● Material supplied
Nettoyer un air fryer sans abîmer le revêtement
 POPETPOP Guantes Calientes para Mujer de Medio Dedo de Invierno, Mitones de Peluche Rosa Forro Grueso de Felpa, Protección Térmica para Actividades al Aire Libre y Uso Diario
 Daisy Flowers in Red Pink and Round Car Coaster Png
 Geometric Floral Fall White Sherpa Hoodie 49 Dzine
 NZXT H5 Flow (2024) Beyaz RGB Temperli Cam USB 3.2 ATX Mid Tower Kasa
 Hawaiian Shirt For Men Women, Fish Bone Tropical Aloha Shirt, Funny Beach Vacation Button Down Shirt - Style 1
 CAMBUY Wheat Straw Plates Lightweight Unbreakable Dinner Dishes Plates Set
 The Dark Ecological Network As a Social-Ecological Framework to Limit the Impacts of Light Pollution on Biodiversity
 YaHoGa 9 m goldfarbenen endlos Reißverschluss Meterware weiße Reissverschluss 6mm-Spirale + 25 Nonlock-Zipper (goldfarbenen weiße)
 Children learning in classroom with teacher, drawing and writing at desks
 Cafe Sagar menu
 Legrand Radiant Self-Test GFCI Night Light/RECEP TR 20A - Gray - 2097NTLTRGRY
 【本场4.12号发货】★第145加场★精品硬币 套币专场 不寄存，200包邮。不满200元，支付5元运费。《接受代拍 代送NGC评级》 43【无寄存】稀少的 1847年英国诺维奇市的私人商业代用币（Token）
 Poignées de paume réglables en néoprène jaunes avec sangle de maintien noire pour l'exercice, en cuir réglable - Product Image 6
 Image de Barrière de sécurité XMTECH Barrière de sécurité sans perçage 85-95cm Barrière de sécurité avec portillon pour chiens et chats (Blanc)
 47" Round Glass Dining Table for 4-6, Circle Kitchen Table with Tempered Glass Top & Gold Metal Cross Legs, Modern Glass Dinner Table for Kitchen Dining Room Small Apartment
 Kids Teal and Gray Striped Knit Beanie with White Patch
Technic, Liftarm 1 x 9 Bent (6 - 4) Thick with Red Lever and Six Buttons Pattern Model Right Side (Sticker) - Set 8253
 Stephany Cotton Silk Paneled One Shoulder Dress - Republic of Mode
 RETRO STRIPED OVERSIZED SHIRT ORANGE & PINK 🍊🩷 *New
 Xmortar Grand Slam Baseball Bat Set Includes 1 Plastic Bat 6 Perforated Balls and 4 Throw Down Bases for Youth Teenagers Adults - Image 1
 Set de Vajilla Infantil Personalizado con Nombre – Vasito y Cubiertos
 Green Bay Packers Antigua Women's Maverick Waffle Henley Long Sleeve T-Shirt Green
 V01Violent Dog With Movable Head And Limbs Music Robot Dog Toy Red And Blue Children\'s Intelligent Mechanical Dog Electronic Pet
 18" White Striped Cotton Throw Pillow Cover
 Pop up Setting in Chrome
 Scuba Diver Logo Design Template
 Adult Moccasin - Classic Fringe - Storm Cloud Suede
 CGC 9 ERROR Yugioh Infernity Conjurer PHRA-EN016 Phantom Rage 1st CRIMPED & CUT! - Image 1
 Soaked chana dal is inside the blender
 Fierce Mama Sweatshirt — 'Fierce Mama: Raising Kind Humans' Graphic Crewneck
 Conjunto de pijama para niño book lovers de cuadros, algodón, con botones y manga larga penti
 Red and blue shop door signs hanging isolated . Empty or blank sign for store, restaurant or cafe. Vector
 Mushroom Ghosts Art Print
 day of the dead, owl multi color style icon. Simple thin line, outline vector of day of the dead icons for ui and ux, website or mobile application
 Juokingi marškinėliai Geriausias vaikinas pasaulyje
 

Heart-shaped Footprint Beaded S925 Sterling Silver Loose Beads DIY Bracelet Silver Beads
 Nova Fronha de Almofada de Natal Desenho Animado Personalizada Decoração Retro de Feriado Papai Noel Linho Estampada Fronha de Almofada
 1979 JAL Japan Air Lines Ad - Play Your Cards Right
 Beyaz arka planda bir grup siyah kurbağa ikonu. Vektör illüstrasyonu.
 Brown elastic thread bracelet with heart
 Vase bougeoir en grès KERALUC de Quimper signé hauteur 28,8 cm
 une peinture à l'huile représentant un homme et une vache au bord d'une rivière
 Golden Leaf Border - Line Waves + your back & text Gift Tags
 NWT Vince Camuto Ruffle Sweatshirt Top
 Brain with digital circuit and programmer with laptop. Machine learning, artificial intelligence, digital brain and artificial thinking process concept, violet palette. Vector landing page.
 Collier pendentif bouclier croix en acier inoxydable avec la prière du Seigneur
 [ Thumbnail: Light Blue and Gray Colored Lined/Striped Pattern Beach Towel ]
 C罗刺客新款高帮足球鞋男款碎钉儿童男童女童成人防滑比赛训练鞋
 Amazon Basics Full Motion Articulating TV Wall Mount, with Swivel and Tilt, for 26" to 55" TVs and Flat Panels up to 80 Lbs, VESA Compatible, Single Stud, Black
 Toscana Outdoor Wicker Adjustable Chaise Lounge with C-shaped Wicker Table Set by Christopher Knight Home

● Problem to work on
Above are the entries. Quote exactly the lines from the one bearing "Hawaiian Shirt For" through the one bearing "CGC 9 ERROR".

● Answer
 Hawaiian Shirt For Men Women, Fish Bone Tropical Aloha Shirt, Funny Beach Vacation Button Down Shirt - Style 1
 CAMBUY Wheat Straw Plates Lightweight Unbreakable Dinner Dishes Plates Set
 The Dark Ecological Network As a Social-Ecological Framework to Limit the Impacts of Light Pollution on Biodiversity
 YaHoGa 9 m goldfarbenen endlos Reißverschluss Meterware weiße Reissverschluss 6mm-Spirale + 25 Nonlock-Zipper (goldfarbenen weiße)
 Children learning in classroom with teacher, drawing and writing at desks
 Cafe Sagar menu
 Legrand Radiant Self-Test GFCI Night Light/RECEP TR 20A - Gray - 2097NTLTRGRY
 【本场4.12号发货】★第145加场★精品硬币 套币专场 不寄存，200包邮。不满200元，支付5元运费。《接受代拍 代送NGC评级》 43【无寄存】稀少的 1847年英国诺维奇市的私人商业代用币（Token）
 Poignées de paume réglables en néoprène jaunes avec sangle de maintien noire pour l'exercice, en cuir réglable - Product Image 6
 Image de Barrière de sécurité XMTECH Barrière de sécurité sans perçage 85-95cm Barrière de sécurité avec portillon pour chiens et chats (Blanc)
 47" Round Glass Dining Table for 4-6, Circle Kitchen Table with Tempered Glass Top & Gold Metal Cross Legs, Modern Glass Dinner Table for Kitchen Dining Room Small Apartment
 Kids Teal and Gray Striped Knit Beanie with White Patch
Technic, Liftarm 1 x 9 Bent (6 - 4) Thick with Red Lever and Six Buttons Pattern Model Right Side (Sticker) - Set 8253
 Stephany Cotton Silk Paneled One Shoulder Dress - Republic of Mode
 RETRO STRIPED OVERSIZED SHIRT ORANGE & PINK 🍊🩷 *New
 Xmortar Grand Slam Baseball Bat Set Includes 1 Plastic Bat 6 Perforated Balls and 4 Throw Down Bases for Youth Teenagers Adults - Image 1
 Set de Vajilla Infantil Personalizado con Nombre – Vasito y Cubiertos
 Green Bay Packers Antigua Women's Maverick Waffle Henley Long Sleeve T-Shirt Green
 V01Violent Dog With Movable Head And Limbs Music Robot Dog Toy Red And Blue Children\'s Intelligent Mechanical Dog Electronic Pet
 18" White Striped Cotton Throw Pillow Cover
 Pop up Setting in Chrome
 Scuba Diver Logo Design Template
 Adult Moccasin - Classic Fringe - Storm Cloud Suede
 CGC 9 ERROR Yugioh Infernity Conjurer PHRA-EN016 Phantom Rage 1st CRIMPED & CUT! - Image 1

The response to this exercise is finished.